1. An audio apparatus comprising:
a decorrelator which generates decorrelated signals by applying a phase shifting value adjusted based on a correlation difference between audio signals included in a multi-channel signal to the audio signals; and
a speaker set including at least two speakers which output acoustic signals corresponding to the decorrelated signals.
2. The audio apparatus of claim 1, wherein the decorrelator generates the decorrelated signals by applying the phase shifting value adjusted based on a phase difference between the audio signals to the audio signals.
3. The audio apparatus of claim 2, wherein the decorrelator receives the multi-channel signal including first and second channel audio signals.
4. The audio apparatus of claim 3, wherein the decorrelator reduces the phase shifting value in inverse proportion to a phase difference between the first and second channel audio signals.
5. The audio apparatus of claim 4, wherein the decorrelator sets the phase shifting value to 0 when the phase difference between the first and second channel audio signals is 180°.
6. The audio apparatus of claim 4, wherein the decorrelator sets the phase shifting value to a predetermined limit value when the phase difference between the first and second channel audio signals is 0°.

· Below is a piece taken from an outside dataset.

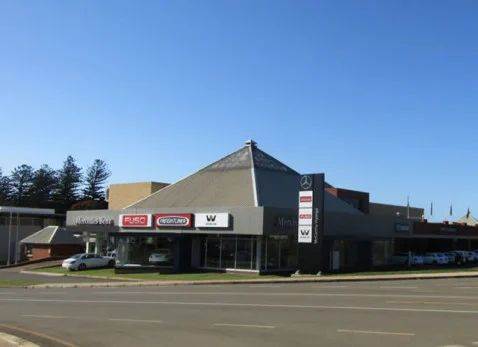 Bidvest McCarthy Mitsubishi Empangeni image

7. The audio apparatus of claim 3, wherein the decorrelator generates first and second decorrelated signals corresponding to the first and second channel audio signals by subtracting the phase shifting value from a phase of the first channel audio signal and adding the phase shifting value to a phase of the second channel audio signal, respectively.
8. The audio apparatus of claim 1, wherein the decorrelator comprises:
a pre-processor which receives the multi-channel signal including first and second channel audio signals, divides the multi-channel signal into a plurality of sub-bands, and generates first and second channel sub-audio signals in each of the plurality of sub-bands;
a decorrelation processor which generates first and second sub-decorrelated signals by applying a phase shifting value adjusted based on a phase difference between the first and second channel sub-audio signals to the first and second channel sub-audio signals; and
a synthesizer which generates the first decorrelated signal by synthesizing the first sub-decorrelated signals in the plurality of sub-bands and generates the second decorrelated signal by synthesizing the second sub-decorrelated signals in the plurality of sub-bands.
9. The audio apparatus of claim 8, wherein the decorrelation processor generates the first and second sub-decorrelated signals by setting a corrected phase shifting value by multiplying the phase shifting value by a predetermined weighting value based on sub-bands, subtracting the corrected phase shifting value from a phase of the first channel sub-audio signal, and adding the corrected phase shifting value to a phase of the second channel sub-audio signal.
10. The audio apparatus of claim 9, wherein the decorrelation processor sets the predetermined weighting value based on sub-bands.
11. The audio apparatus of claim 9, wherein the decorrelation processor sets the predetermined weighting value in one sub-band and the predetermined weighting value in another sub-band adjacent to the one sub-band to have different signs.
12. The audio apparatus of claim 8, wherein the decorrelation processor divides the plurality of sub-bands into a plurality of groups and sets the predetermined weighting value in each of the groups.
13. The audio apparatus of claim 12, wherein the decorrelation processor sets the predetermined weighting value in one group and the predetermined weighting value in another group adjacent to the one group to have different signs.
14. The audio apparatus of claim 1, further comprising:
an echo filter unit which generates echo signals corresponding to the decorrelated signals;
a microphone which receives the acoustic signals and a voice signal; and
a processor which processes voice recognition on a subtraction signal obtained by subtracting the echo signals from an output signal of the microphone.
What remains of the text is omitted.